[INSTRUCTIONS FOR THE TASK]:
From the records below, transcribe exactly the lines that begin at the line with "Soccer player turned" and end at the line with "俄罗斯最想从中国进口的产品，其实是服装", both included.

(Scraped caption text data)
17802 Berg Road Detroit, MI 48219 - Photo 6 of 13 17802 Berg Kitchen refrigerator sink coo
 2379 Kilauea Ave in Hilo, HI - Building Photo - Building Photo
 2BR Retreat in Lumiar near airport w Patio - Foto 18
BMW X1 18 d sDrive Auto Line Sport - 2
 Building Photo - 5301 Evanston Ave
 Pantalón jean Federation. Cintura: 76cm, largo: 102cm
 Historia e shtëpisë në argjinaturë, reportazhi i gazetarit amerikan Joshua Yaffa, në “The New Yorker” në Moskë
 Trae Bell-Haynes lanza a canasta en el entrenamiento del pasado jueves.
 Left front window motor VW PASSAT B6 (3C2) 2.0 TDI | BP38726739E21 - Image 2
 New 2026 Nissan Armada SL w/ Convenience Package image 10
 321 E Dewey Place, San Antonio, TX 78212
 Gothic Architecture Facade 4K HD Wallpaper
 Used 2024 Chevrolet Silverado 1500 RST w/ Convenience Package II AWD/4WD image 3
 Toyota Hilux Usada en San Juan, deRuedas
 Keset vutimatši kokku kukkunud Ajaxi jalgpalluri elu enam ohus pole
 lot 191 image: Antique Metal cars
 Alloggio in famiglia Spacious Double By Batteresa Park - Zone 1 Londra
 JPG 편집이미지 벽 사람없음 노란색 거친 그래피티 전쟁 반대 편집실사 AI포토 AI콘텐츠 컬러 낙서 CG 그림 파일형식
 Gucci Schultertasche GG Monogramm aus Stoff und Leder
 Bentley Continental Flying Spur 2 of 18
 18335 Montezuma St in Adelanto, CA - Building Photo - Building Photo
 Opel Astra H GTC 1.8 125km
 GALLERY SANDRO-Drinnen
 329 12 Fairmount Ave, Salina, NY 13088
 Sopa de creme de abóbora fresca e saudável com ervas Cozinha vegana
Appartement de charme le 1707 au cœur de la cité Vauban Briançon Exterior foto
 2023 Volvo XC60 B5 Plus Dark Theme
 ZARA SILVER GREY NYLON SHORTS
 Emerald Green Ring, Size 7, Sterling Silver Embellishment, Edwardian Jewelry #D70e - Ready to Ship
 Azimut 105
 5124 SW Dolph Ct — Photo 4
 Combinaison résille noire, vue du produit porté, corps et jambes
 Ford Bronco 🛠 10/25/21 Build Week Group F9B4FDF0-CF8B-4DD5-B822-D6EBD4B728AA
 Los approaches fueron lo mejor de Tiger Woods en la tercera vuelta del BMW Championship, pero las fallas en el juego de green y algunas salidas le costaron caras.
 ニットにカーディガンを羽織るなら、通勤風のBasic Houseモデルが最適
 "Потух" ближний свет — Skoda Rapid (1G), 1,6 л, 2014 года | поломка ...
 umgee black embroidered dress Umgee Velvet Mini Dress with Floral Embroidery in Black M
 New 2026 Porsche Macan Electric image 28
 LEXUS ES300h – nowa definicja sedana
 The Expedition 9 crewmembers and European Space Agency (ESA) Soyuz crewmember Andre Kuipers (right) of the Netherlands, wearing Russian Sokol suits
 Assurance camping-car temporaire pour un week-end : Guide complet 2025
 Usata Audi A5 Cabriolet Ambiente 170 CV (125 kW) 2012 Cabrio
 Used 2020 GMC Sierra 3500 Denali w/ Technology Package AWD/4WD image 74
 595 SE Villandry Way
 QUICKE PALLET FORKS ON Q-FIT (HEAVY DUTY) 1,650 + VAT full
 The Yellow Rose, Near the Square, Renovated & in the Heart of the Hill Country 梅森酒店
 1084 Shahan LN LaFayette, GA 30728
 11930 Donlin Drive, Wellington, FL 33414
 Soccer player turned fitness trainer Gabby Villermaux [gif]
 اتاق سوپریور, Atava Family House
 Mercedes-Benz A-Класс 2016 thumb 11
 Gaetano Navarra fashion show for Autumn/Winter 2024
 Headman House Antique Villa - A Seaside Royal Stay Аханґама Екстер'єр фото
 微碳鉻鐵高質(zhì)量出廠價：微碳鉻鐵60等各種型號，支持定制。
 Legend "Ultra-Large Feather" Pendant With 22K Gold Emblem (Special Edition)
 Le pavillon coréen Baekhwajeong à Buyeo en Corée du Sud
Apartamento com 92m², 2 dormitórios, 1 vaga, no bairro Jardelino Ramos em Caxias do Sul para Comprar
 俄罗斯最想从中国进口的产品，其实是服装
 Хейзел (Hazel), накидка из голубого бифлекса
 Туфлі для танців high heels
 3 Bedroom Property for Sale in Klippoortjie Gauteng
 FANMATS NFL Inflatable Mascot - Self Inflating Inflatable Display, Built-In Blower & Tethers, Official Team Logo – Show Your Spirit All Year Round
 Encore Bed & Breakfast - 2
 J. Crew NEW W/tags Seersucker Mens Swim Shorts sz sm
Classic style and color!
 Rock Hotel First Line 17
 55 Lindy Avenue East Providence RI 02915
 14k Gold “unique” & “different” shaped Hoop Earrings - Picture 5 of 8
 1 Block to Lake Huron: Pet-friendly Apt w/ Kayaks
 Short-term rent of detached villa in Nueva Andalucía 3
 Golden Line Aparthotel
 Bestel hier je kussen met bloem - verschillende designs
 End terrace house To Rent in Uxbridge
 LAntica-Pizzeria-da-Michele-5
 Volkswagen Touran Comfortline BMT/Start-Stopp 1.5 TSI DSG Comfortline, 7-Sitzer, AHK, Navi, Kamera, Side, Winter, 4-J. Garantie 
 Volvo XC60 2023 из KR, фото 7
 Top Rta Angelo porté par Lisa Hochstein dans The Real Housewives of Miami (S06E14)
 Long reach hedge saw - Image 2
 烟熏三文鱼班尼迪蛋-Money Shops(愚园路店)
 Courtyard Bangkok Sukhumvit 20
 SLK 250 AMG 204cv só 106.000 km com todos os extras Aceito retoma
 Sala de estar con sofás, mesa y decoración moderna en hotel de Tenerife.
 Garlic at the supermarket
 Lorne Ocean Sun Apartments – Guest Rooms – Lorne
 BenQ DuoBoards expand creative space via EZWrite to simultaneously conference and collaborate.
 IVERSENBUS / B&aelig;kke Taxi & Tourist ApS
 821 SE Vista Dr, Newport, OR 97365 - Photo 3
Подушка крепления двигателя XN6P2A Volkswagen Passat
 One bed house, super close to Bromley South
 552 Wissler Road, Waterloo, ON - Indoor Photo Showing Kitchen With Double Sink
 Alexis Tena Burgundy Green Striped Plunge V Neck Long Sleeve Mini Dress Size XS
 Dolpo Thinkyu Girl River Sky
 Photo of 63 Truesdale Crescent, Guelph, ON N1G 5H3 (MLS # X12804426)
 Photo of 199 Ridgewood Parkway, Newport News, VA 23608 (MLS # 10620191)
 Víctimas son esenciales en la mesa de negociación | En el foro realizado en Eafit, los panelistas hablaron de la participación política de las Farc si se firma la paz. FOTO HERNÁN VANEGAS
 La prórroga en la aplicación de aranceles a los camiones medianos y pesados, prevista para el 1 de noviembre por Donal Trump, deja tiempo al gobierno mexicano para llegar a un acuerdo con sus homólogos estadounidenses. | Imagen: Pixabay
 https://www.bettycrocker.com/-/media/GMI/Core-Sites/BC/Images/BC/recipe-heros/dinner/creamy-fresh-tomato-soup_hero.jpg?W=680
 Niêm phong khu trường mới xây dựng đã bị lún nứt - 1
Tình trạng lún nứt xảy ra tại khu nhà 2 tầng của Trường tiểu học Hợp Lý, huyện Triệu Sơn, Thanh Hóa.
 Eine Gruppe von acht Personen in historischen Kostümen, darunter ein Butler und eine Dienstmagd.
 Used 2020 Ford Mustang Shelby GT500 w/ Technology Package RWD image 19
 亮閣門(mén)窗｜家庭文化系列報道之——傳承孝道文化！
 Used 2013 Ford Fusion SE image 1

[SOLUTION]:
 Soccer player turned fitness trainer Gabby Villermaux [gif]
 اتاق سوپریور, Atava Family House
 Mercedes-Benz A-Класс 2016 thumb 11
 Gaetano Navarra fashion show for Autumn/Winter 2024
 Headman House Antique Villa - A Seaside Royal Stay Аханґама Екстер'єр фото
 微碳鉻鐵高質(zhì)量出廠價：微碳鉻鐵60等各種型號，支持定制。
 Legend "Ultra-Large Feather" Pendant With 22K Gold Emblem (Special Edition)
 Le pavillon coréen Baekhwajeong à Buyeo en Corée du Sud
Apartamento com 92m², 2 dormitórios, 1 vaga, no bairro Jardelino Ramos em Caxias do Sul para Comprar
 俄罗斯最想从中国进口的产品，其实是服装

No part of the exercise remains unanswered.